#### Exercise instructions
Every entry below has to appear again in your reply, word for word, but no picture may.

#### Recorded information
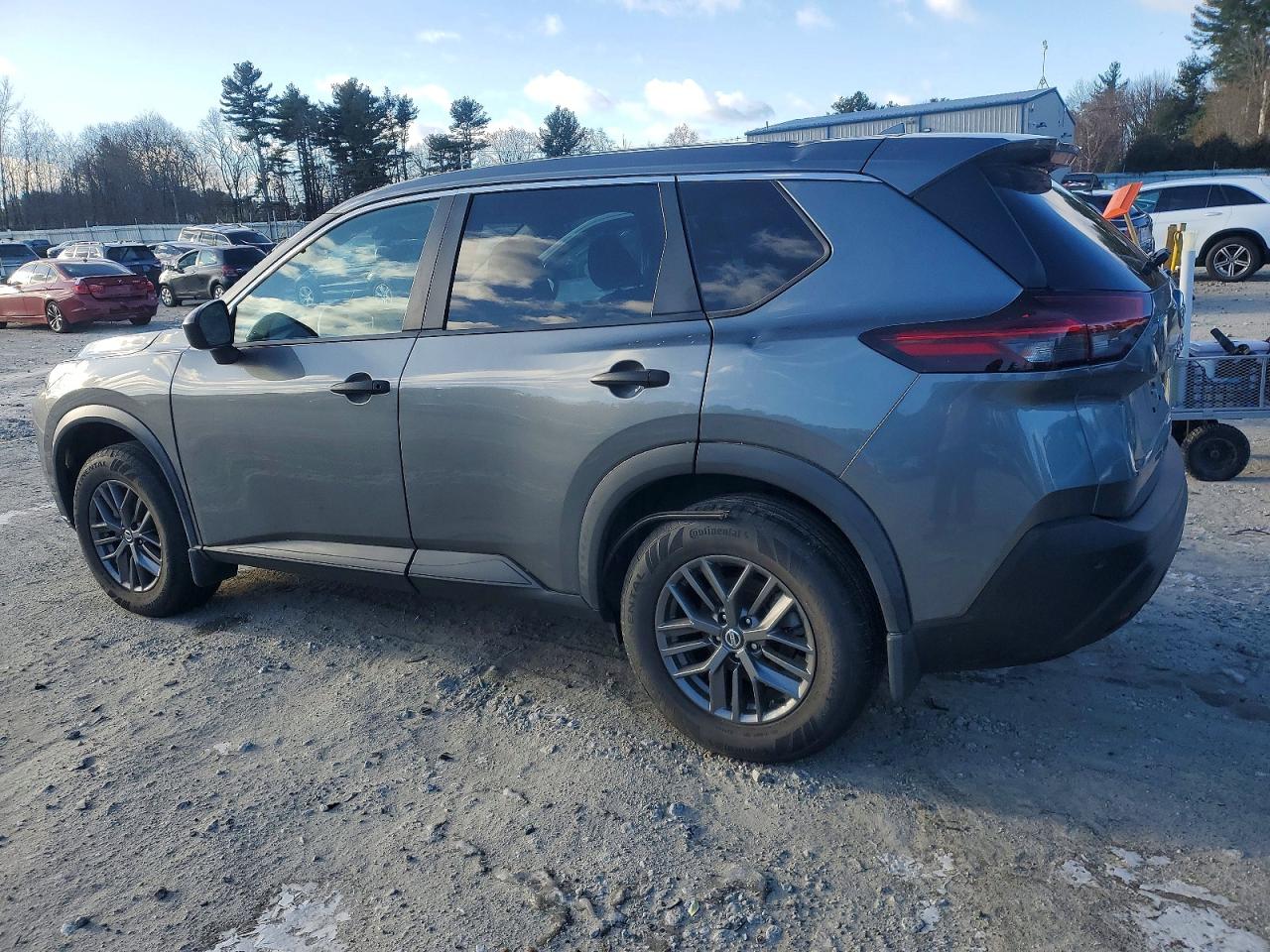 2021 NISSAN ROGUE S photo 2
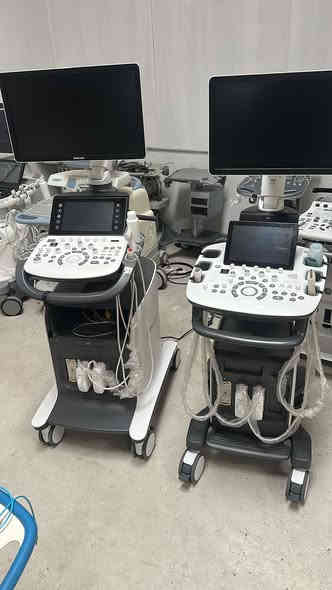 🔵 عــرض خــاص – جهازين إيكـو سامسونـغ بحالة مميزة

Samsung HS70A & Samsung HS50 – Made in Korea

فرصة قوية للعيادات والمراكز… أجهزة جاهزة للعمل وبدون أي ملاحظات!

---

⭐ 1️⃣ Samsung HS70A – جهاز فخم بمواصفات عالية

High-end Premium Ultrasound

🔹 شاشة Samsung HD كبيرة
🔹 شاشة لمس واسعة للتحكم السريع
🔹 4–5 بورتات بروب
🔹 دقة عالية جداً بالـ 2D و الـ Doppler
🔹 مناسب للقلب – نسائية – مفاصل – أوردة – باطنة
🔹 جودة تصوير ممتازة حتى على العمق
🔹 نظام تشغيل سريع واستجابة عالية
🔹 صنع في كوريا – رقم تسلسلي واضح

🔵 الجهاز بحالة شبه جديد – نظيف جداً – بدون أي عطل أو تصليح
🔵 جاهز للفحص بمكانك

---

⭐ 2️⃣ Samsung HS50 – جهاز متوسط راقي ومتين

Mid-range Ultrasound – Excellent Value

🔹 شاشة لمس
🔹 شاشة عرض كبيرة Samsung
🔹 4 بورتات بروب
🔹 أداء ممتاز للفحص العام والنسائية والمفاصل
🔹 اقتصادي ومناسب للعيادات الخاصة
🔹 هادئ وسلسل بالاستخدام
🔹 شكل حديث وكرف متين
🔹 صنع في كوريا – رقم تسلسلي موثق

🔵 الجهاز نظيف، مشمول بفحص كامل وبروبّات مشدودة دون أي مشاكل

---

🎁 مميزات العرض

✔ معاينة كاملة قبل الشراء
✔ إمكانية التجربة داخل مركزك
✔ ضمان تشغيل
✔ تسليم فوري
✔ دعم فني بعد البيع

---

💰 السعر

سعر خاص جداً للجهازين…
السعر مناسب للتجار والأطباء – ولأول مشتري 

---

📞 للاستفسار والطلب ***********

الثقة للأجهزة الطبية – مصطفى
جاهزين لخدمتكم بأي وقت
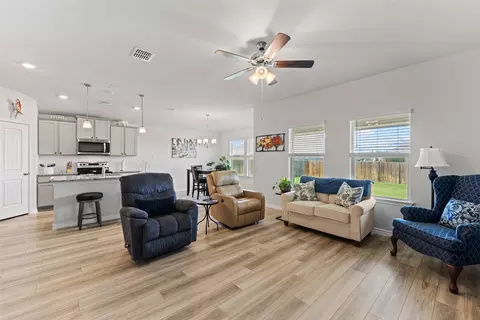 10805 Peperak Ct, Waco, TX 76708 photo 7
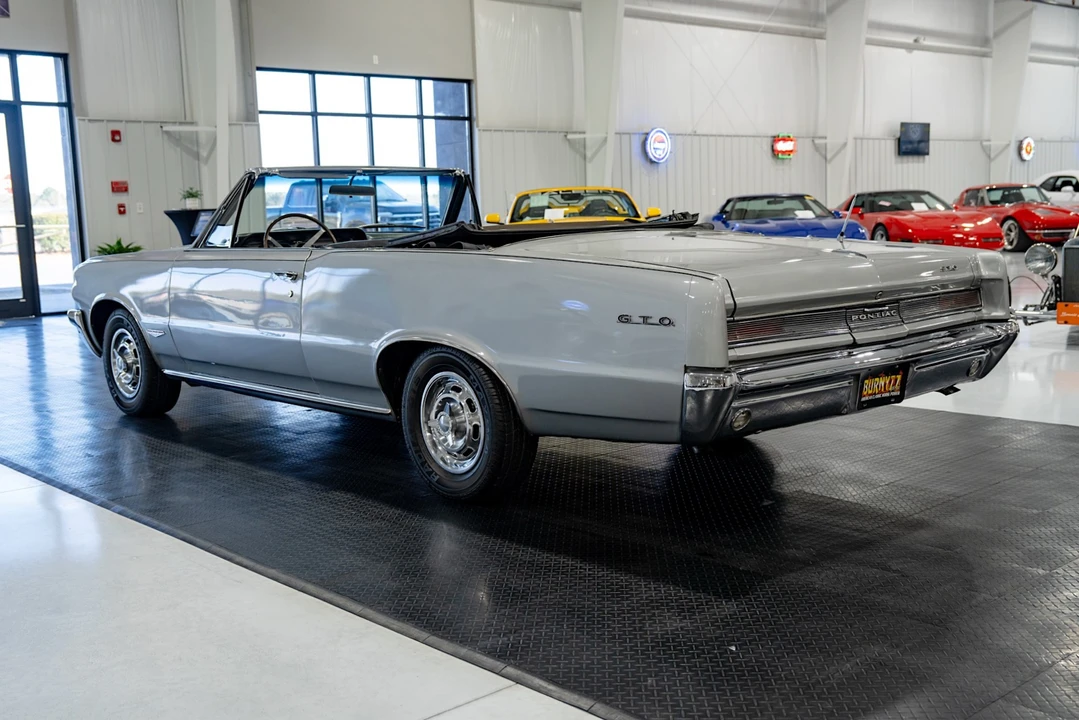 1964 Pontiac Tempest - Image 10 of 31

#### Result of the task
 2021 NISSAN ROGUE S photo 2
 🔵 عــرض خــاص – جهازين إيكـو سامسونـغ بحالة مميزة

Samsung HS70A & Samsung HS50 – Made in Korea

فرصة قوية للعيادات والمراكز… أجهزة جاهزة للعمل وبدون أي ملاحظات!

---

⭐ 1️⃣ Samsung HS70A – جهاز فخم بمواصفات عالية

High-end Premium Ultrasound

🔹 شاشة Samsung HD كبيرة
🔹 شاشة لمس واسعة للتحكم السريع
🔹 4–5 بورتات بروب
🔹 دقة عالية جداً بالـ 2D و الـ Doppler
🔹 مناسب للقلب – نسائية – مفاصل – أوردة – باطنة
🔹 جودة تصوير ممتازة حتى على العمق
🔹 نظام تشغيل سريع واستجابة عالية
🔹 صنع في كوريا – رقم تسلسلي واضح

🔵 الجهاز بحالة شبه جديد – نظيف جداً – بدون أي عطل أو تصليح
🔵 جاهز للفحص بمكانك

---

⭐ 2️⃣ Samsung HS50 – جهاز متوسط راقي ومتين

Mid-range Ultrasound – Excellent Value

🔹 شاشة لمس
🔹 شاشة عرض كبيرة Samsung
🔹 4 بورتات بروب
🔹 أداء ممتاز للفحص العام والنسائية والمفاصل
🔹 اقتصادي ومناسب للعيادات الخاصة
🔹 هادئ وسلسل بالاستخدام
🔹 شكل حديث وكرف متين
🔹 صنع في كوريا – رقم تسلسلي موثق

🔵 الجهاز نظيف، مشمول بفحص كامل وبروبّات مشدودة دون أي مشاكل

---

🎁 مميزات العرض

✔ معاينة كاملة قبل الشراء
✔ إمكانية التجربة داخل مركزك
✔ ضمان تشغيل
✔ تسليم فوري
✔ دعم فني بعد البيع

---

💰 السعر

سعر خاص جداً للجهازين…
السعر مناسب للتجار والأطباء – ولأول مشتري 

---

📞 للاستفسار والطلب ***********

الثقة للأجهزة الطبية – مصطفى
جاهزين لخدمتكم بأي وقت
 10805 Peperak Ct, Waco, TX 76708 photo 7
 1964 Pontiac Tempest - Image 10 of 31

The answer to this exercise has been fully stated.